- Abbreviation: Partindo
- Chairman: Sartono
- Founded: April 1931, August 1958
- Dissolved: 1936, 1966
- Preceded by: Indonesian National Party
- Newspaper: Bintang Timur
- Membership (1933): 20,000
- Ideology: Nationalism

= Partindo =

The Indonesia Party (Partai Indonesia), better known as Partindo, was a nationalist political party in Indonesia that existed before independence and was revived in 1957 as a leftist party.

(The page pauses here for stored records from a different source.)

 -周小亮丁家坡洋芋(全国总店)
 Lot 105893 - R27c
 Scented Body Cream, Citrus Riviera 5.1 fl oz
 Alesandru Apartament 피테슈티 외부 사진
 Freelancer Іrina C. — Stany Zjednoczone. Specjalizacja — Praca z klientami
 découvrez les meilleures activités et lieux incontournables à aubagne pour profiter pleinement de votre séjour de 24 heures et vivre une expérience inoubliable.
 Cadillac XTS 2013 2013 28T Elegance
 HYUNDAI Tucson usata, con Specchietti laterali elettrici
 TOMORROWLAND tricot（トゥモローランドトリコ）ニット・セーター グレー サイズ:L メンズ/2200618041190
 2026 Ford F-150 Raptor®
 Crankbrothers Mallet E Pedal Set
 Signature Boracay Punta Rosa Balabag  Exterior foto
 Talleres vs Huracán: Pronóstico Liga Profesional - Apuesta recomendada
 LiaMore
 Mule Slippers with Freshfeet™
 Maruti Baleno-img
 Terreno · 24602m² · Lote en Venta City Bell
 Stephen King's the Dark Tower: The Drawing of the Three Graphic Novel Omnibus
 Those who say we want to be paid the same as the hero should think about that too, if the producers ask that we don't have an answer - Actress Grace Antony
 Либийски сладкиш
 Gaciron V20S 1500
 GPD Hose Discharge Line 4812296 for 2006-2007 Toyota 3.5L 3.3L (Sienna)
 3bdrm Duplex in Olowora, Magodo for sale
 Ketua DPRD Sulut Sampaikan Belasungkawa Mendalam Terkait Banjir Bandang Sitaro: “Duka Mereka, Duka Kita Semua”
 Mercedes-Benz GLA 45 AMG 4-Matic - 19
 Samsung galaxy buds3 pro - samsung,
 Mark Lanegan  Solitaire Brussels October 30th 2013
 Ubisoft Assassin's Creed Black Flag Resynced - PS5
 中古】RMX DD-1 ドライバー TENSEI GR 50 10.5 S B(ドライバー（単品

==Pre-independence party==
In 1927, future Indonesian president Sukarno established the pro-independence Indonesian National Party (PNI). Two years later, the concerned Dutch East Indies administration arrested and jailed Sukarno, and the PNI was banned. At the end of April 1931, Sartono, a former leading figure in the PNI, established the Indonesia Party (Partindo). It attracted the majority of the PNI membership and campaigned for Indonesian independence from the Dutch but was less radical than the PNI. A number of former PNI members refused to work with Partindo, and established the Indonesian National Education Club. When he was released from prison at the end of 1931, Sukarno tried to bring the two organizations together, but he failed to do so and eventually joined Partindo afterwards. The party expanded rapidly, from 3,000 members in 1932 to reach 20,000 by the middle of 1933. As a result of his continuing pro-independence activism, Sukarno was arrested and exiled without charge, and in 1936 Partindo dissolved itself.

==Revival==
Following splits in the post-independence PNI, a number of leading party members, including Winoto Danuasmoro and Wianrno Danuatmdjo, decided to establish a new Partindo, choosing the name for symbolic reasons as the original Partindo had also emerged from the PNI. Its membership came from the PNI and from people who associated the party with President Sukarno. Partindo espoused the same ideology as the PNI, Marhaenism, which the party leaders stated was "Marxism adjusted to Indonesian conditions". The party newspaper was Bintang Timur (Star of the East) By the beginning of the 1960s, having failed to expand or broaden its membership base, the party had come under the influence of the Communist Party of Indonesia (PKI). Some PKI members joined Partindo, and gradually took control of the leadership. In August 1964, Sukarno reshuffled his cabinet to bring it into line with the policies outlined in his "Year of Living Dangerously" independence day speech, and Partindo member Sutomo Martopradoto was appointed Minister of Labor. Following the 1965 coup attempt by the 30 September Movement, which was blamed on the PKI, Sukarno transferred authority to General Suharto on 11 March 1966. Suharto used his new powers to ban the PKI, and shortly after, the Partindo offices in Jakarta in Surabaya were taken over and the party itself was banned because of its pro-communist stance.